# At my wits end! Centerlink into Oilpan!



## dlight (Apr 2, 2007)

I have a 72 Lemans Sport Conv. that I'm rebuilding. I have a 400 CID engine with a TH400 (originally a 350/350), stock oilpan, stock centerlink, idler arm and steering box. I have installed CPP tubular control arms, QA1 coil-overs, Energy Susp polyurethane bushings and tranny mount, stock motor mounts in the correct frame holes. All of this is stuff is supposed to be direct repacement and yet my centerlink is seriously into the bottom of my oilpan. I can't figure out how I can change this; The rear tranny mount is over 2" high and I removed it and that tilted the engine/tranny enough to clear. How high is the opriginal rear mount supposed to be?
This is my first frame-off (obviously!) and I'm stumped!
Any ideas?


----------



## 67/04gto (Jan 15, 2005)

do u have it on backwards,or is it the right centerlink


----------



## dlight (Apr 2, 2007)

*Thanks for the reply...*

I think I have it right: it only seems to fit one way. I compared it to the old one and it seems identical.


----------



## Rukee (Feb 8, 2007)

The center drag link can't be installed backwards. I'd say grab a stock tranny mount and see if that doesn't fix it.


----------



## jetstang (Nov 5, 2008)

Tranny mount sounds like the problem. What does the driveshaft angle look like on the back of the tranny? Is it a stock or aftermarket center link? Looke real close at the angles on the centerlink, make sure it drops down far enough. Is it a stock oil pan, as if it aftermarket it may not be for your application, ie. C-4 vettes use a special oil pan on the Chevy 350. The GTO uses all the typical Lemans stuff, so it shouldn't be rocket science to get the parts, but sometimes problems arise. Oh, real nice build.
Tranny mount is my vote.


----------



## dlight (Apr 2, 2007)

Thanks for the tips. I'll grab a stock tranny mount and check it out and also check the shaft angles and look. I'm in western Canada and it's -31 celcius (about 24 below Fahrenheit)today; probably -35 in my garage. I'll wait till it warms up a bit; supposed to be up near 0 next week. Once again, _Rukee_ and _jetstang_ thanks for your input.
Merry Christmas!


----------



## Too Many Projects (Nov 15, 2008)

I just measured stock TH350 and 400 mounts that I have and they are the same thickness......2".


----------



## Rukee (Feb 8, 2007)

Tranny cross member installed correctly? On upside down or something? If that's even possable...


----------



## Too Many Projects (Nov 15, 2008)

I wondered that too, and actually posted that he might have the wrong one for a TH400 as my Chevelle uses a different crossmember. After researching it, I had to retract my post as it seems the crossmembers are all the same on a Pontiac.


----------



## jetstang (Nov 5, 2008)

Check out this link, has a pic of the front cross member evenly spaced between the pan and cross member, makes me think your center link is sitting too high. Check how the tie rod bolts are just above the control arm bolts, it gives a nice reference point. I had the same problem in my 66 Chevelle when I put JC Whitney extra high lift springs in my car, center link hit the pan. Are your front springs stock lift?

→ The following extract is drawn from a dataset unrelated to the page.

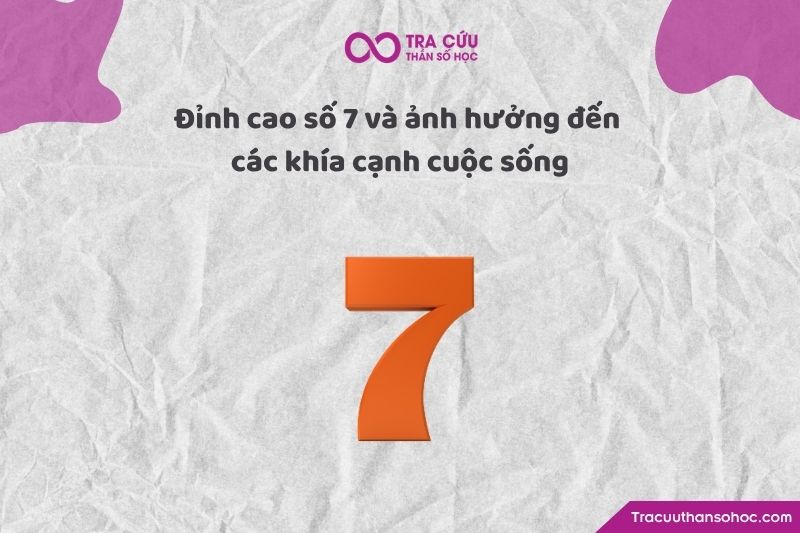 Đỉnh cao số 7, năng lượng của nó không giống như một cơn bão mang đến sự thay đổi dồn dập, mà giống như một dòng nước ngầm Đỉnh cao số 7, năng lượng của nó không giống như một cơn bão mang đến sự thay đổi dồn dập, mà giống như một dòng nước ngầm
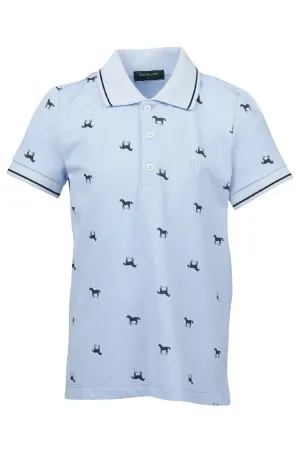 Dublin Kids Elyse Short Sleeve Polo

http://www.gtoforum.com/attachments...y-1964-gto-barn-find-new-gto-pictures-004.jpg


----------



## jetstang (Nov 5, 2008)

Look into dropped pitman and idler arm, that would fix it. Just cant figure out why centerlink is so high in the first place.


----------



## Too Many Projects (Nov 15, 2008)

Jetstang brings up a good point about the center link being too high in relation to the crossmember. I have seen this problem with aftermarket parts that are "one size fits all". Your model may originally have had a longer offset idler and pitman to drop the link lower and the replacement is shorter to fit more models, or the offset in the center link is too shallow. Many of these parts at first appear the same but when compared side by side are slightly different and will locate the assembly in a different relationship. 
By the way, I like the Grey natural look finish on the steering rather than the often seen black. It gives it more color and stands out !!
This company makes EXACT replacement steering and suspension parts. They aren't cheap but have good reviews in the Chevy world for fit and quality. The parts can be bought directly from them or do a search for vendors.
Rare Parts Inc. http://ecomserv.bytedesigns.com/ez/retail_order.asp


----------



## dlight (Apr 2, 2007)

Thanks 'too many'. I think I'm being convinced my centerlink isn't deep enough. The Pitman arm is the original so the offset should be sufficient. I'm going to pull the centerlink and compare it with the old one. I held the old one up to the assembly and it identical but I'm sure going to look again. Really appreciate all the comments. Merry Christmas All!


----------



## 05GTO (Oct 6, 2004)

The pitman arms for PS cars drop lower than manual steering cars, if someone changed the car from manual steering to power steering and reused the pitman arm that may be the problem,


----------



## dlight (Apr 2, 2007)

Well, the weather has finally broken here. The past few days have been really nice; it's been a little over 50degF so I have been out to the garage. I mic'd the original centerlink and it's identical to the replacement one (or at least within 40 thou) so I got to thinking. I did replace the power steering box with a close ratio one from a guy on Ebay. Seemed identical and it fit the mounting holes in the frame. I didn't think to check it real close and the old one's gone. I'm thinking that if it's different, what are the odds of a new idler being exactly the same amount different cause I replaced it too.:confused

Does anyone know where to get a centerlink with more drop? Seems like that's the next step. 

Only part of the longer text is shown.